* EXERCISE
In the entries below, repeat only the lines between those holding "SWOT-analys Styrkor Starkt" and "ZESPÓŁ CREDIT SUISSE", inclusive. Leave pictures out.

* DATA RECORDS
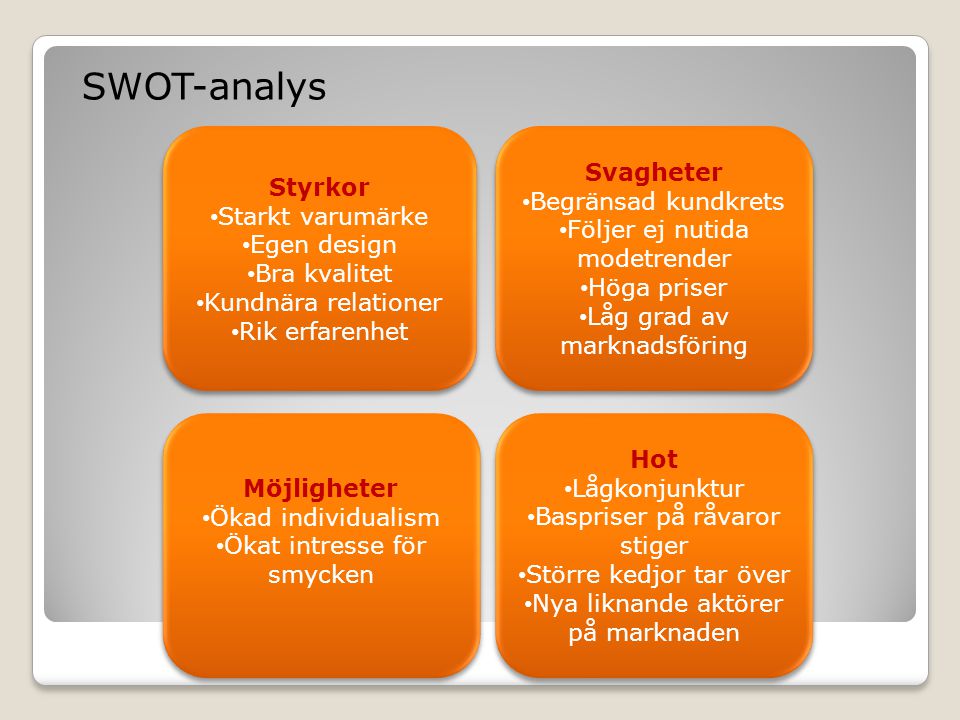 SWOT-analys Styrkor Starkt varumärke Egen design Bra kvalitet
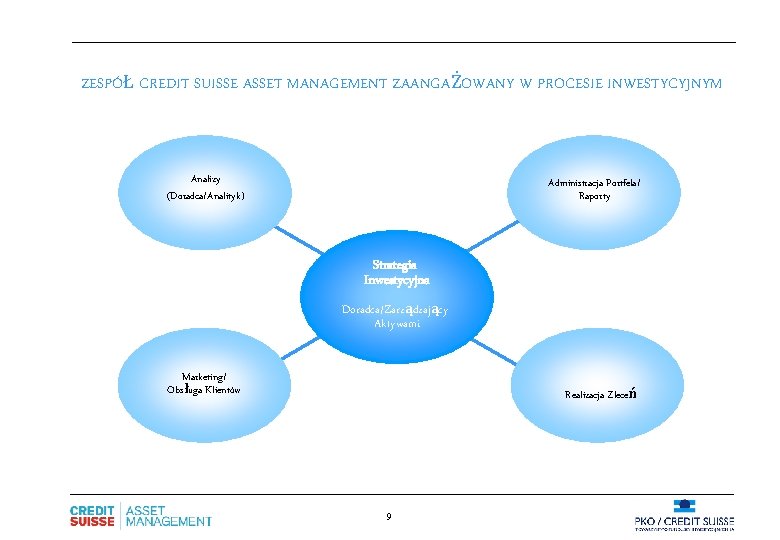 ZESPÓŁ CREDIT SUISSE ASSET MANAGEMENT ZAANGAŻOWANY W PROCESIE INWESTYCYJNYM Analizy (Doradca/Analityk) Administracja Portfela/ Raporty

* * *

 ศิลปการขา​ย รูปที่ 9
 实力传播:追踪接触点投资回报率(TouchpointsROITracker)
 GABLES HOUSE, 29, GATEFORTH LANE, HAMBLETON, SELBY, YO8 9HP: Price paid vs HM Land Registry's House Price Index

* ANSWER TO THIS TASK
 SWOT-analys Styrkor Starkt varumärke Egen design Bra kvalitet
 ZESPÓŁ CREDIT SUISSE ASSET MANAGEMENT ZAANGAŻOWANY W PROCESIE INWESTYCYJNYM Analizy (Doradca/Analityk) Administracja Portfela/ Raporty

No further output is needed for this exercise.